My goal is to find $\hat{\theta}_{MLE}$ for $$X_1, ..., X_n \sim_{iid}f_X(x;\theta)=\frac{1}{3\theta}, \quad -\theta < x < 2\theta, \quad \theta \in (0,\infty)$$
I am looking at the likelihood function and I have
$$L(\theta) = \prod_{i=1}^n \frac{1}{3\theta} \Bbb I_{-\theta<x_i<2\theta}=\frac{1}{(3\theta)^n} \Bbb I_{-\theta<X_{(1)}<X_{(n)}<2\theta}$$
This is where I find things a little tricky.

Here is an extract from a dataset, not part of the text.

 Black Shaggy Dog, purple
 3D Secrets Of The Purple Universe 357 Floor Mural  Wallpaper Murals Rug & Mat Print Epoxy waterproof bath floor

Intuitively speaking since $(3\theta)^{-n}$ is a decreasing function for $0<\theta$ I would want to say $X_{(1)}$ maximizes $L(\theta)$
However, that only happens when $0<X_{(1)}$.
If all $X_i$s are negative and $n$ is even, then I want to say that $X_{(n)}/2$ will maximize $L$.
Is there a particular way to deal with this problem or am I on the right ball park?
I appreciate your help.
Let me rephrase your observations in a way that may make things clearer to you.
You want $\theta$ to be as small as possible while satisfying $\theta > 0$ and $\theta \ge -X_{(1)}$ and $\theta \ge X_{(n)}/2$.